____ MATERIAL FOR THE TASK

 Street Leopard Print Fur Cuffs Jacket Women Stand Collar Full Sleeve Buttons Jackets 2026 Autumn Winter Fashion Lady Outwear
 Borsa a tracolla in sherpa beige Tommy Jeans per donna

________
____ MATERIAL FOR THE TASK

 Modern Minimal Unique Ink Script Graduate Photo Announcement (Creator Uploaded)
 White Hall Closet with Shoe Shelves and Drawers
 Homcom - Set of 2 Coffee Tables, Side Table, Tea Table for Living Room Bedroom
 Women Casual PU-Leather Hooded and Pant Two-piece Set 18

________

■ WHAT THIS TASK INVOLVES:
The stretch of entries above that starts with the line containing "Modern Minimal Unique" and goes on through the line containing "Women Casual PU-Leather" is to be transcribed exactly, and no other line is to be transcribed.

■ TASK OUTPUT:
 Modern Minimal Unique Ink Script Graduate Photo Announcement (Creator Uploaded)
 White Hall Closet with Shoe Shelves and Drawers
 Homcom - Set of 2 Coffee Tables, Side Table, Tea Table for Living Room Bedroom
 Women Casual PU-Leather Hooded and Pant Two-piece Set 18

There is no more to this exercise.